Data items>
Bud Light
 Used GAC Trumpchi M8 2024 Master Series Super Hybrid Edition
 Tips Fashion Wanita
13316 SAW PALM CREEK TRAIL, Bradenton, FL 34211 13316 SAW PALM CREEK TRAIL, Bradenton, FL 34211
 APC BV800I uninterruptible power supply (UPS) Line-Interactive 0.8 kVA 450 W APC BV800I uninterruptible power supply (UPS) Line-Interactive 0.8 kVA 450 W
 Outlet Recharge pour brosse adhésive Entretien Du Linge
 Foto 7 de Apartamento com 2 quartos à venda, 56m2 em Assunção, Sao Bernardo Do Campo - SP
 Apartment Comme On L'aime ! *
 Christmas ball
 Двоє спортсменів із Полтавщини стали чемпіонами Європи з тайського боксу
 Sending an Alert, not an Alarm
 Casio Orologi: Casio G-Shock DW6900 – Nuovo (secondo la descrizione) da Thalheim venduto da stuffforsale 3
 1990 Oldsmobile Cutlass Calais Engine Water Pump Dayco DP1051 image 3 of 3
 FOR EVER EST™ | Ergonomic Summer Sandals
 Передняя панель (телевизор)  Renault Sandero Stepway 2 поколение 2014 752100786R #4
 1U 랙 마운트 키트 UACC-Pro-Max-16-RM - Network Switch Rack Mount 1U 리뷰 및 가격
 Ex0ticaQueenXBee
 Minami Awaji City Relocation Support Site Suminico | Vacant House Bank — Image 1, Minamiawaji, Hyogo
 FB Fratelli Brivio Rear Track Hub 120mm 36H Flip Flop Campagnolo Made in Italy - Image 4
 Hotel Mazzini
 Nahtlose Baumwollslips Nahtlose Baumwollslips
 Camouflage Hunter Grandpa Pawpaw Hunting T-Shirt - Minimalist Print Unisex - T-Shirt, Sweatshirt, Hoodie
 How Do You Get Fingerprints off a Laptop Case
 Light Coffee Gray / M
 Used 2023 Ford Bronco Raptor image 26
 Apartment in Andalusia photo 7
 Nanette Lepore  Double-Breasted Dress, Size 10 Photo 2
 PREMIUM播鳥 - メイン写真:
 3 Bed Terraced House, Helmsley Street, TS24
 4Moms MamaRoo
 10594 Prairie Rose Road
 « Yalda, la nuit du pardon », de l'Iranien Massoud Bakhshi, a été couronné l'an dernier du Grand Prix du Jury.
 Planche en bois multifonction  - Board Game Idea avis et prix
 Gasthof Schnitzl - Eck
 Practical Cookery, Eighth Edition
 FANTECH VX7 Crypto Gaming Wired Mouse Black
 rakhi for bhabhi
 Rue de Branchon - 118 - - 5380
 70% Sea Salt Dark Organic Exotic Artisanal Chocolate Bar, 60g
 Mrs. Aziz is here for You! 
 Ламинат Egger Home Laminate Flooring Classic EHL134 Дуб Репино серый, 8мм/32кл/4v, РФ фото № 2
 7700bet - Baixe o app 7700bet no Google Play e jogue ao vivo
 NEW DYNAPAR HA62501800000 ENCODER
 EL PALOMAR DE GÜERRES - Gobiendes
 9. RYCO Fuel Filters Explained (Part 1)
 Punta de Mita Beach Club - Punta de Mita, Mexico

The problem> If a line of the records above contains the word "House", count it; then give the total and nothing more.

Answer to this task> 2